▶ WHAT YOU HAVE TO DO
From the first line to the last, repeat the data exactly and drop the pictures.

(Web page caption snippets)

____

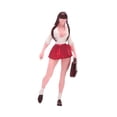 thumbnail image 2 of MERIGLARE 1:64 Girl Model Figure Movie Props Character Handpainted DIY Scene Decor Style A, 2 of 9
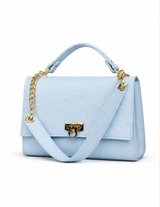 Poseta piele naturala Blue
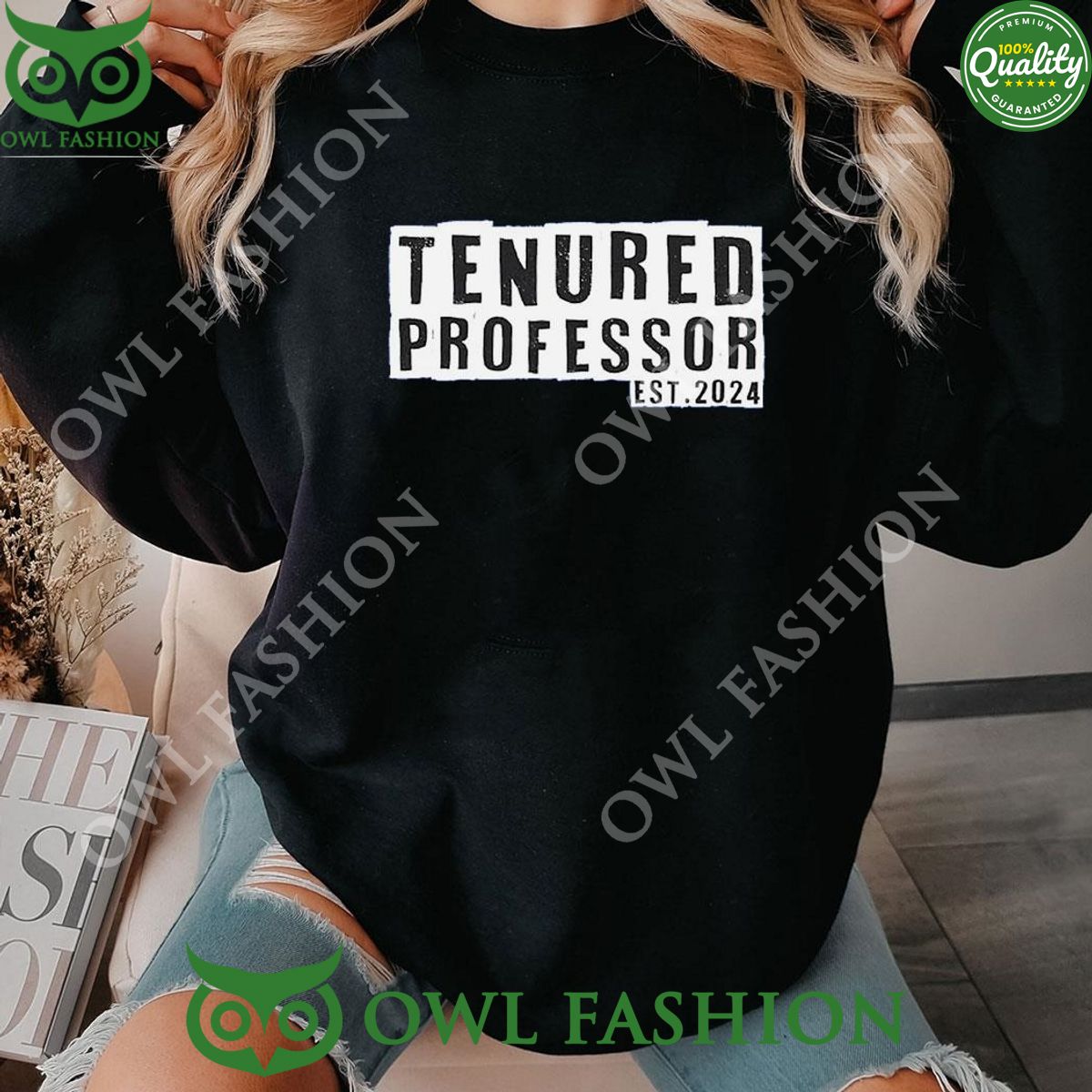 2024 official tenured professor shirt 1 MeAuH.jpg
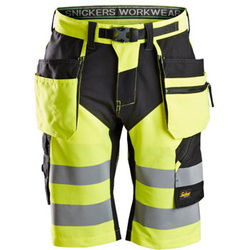 6933 Spodnie Krótkie Odblaskowe FlexiWork+ z workami kieszeniowymi, EN 20471/1 (kolor żółty odblaskowy) Snickers Workwear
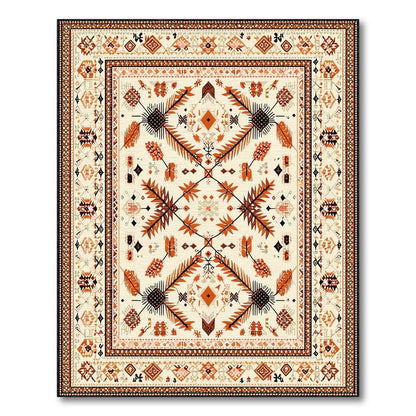 Orange Heritage Tribal Southwestern Area Rug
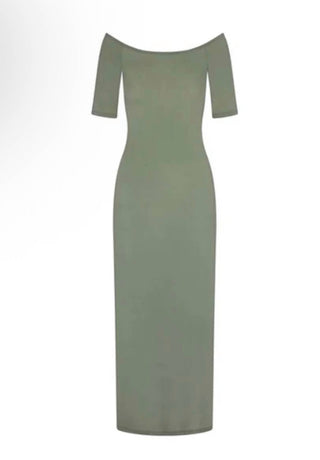 Anemos - Carolyn Off-the-shoulder Jersey Midi Dress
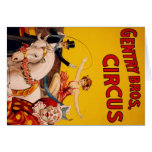 Circus Horse Card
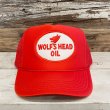 画像2: WOLF'S HEAD OIL TRUCKER CAP (RED) (2)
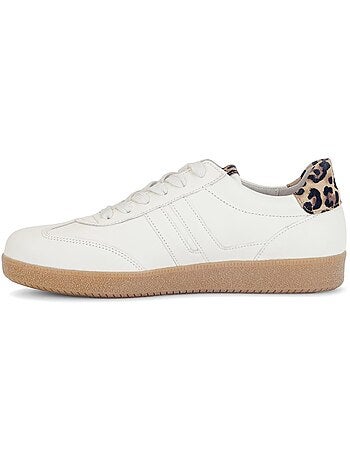 Baskets en cuir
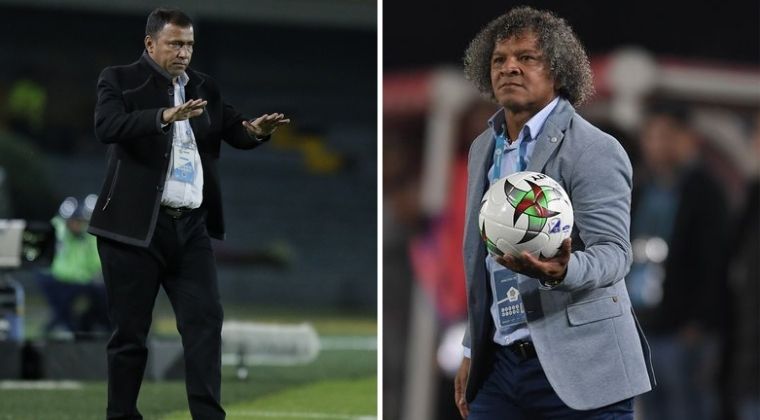 Santa Fe vs. Millonarios: Mano a mano entre Rivera y Gamero antes del clásico
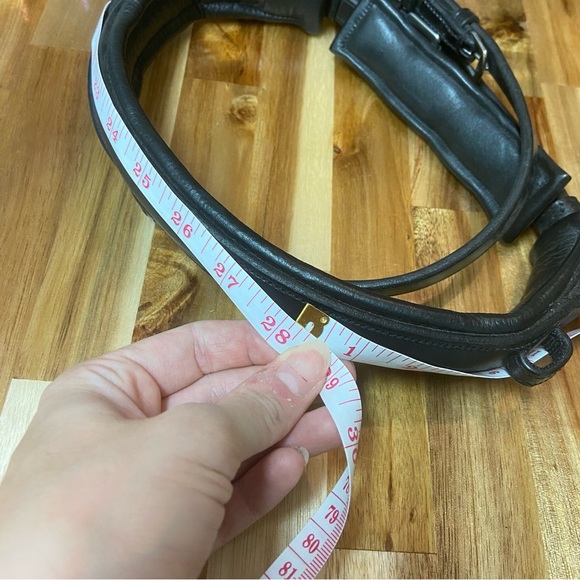 English Bridal Flash Noseband Cavesson Truly Canadian leather Black - Picture 3 of 6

____

▶ FINAL ANSWER
 thumbnail image 2 of MERIGLARE 1:64 Girl Model Figure Movie Props Character Handpainted DIY Scene Decor Style A, 2 of 9
 Poseta piele naturala Blue
 2024 official tenured professor shirt 1 MeAuH.jpg
 6933 Spodnie Krótkie Odblaskowe FlexiWork+ z workami kieszeniowymi, EN 20471/1 (kolor żółty odblaskowy) Snickers Workwear
 Orange Heritage Tribal Southwestern Area Rug
 Anemos - Carolyn Off-the-shoulder Jersey Midi Dress
 Circus Horse Card
 画像2: WOLF'S HEAD OIL TRUCKER CAP (RED) (2)
 Baskets en cuir
 Santa Fe vs. Millonarios: Mano a mano entre Rivera y Gamero antes del clásico
 English Bridal Flash Noseband Cavesson Truly Canadian leather Black - Picture 3 of 6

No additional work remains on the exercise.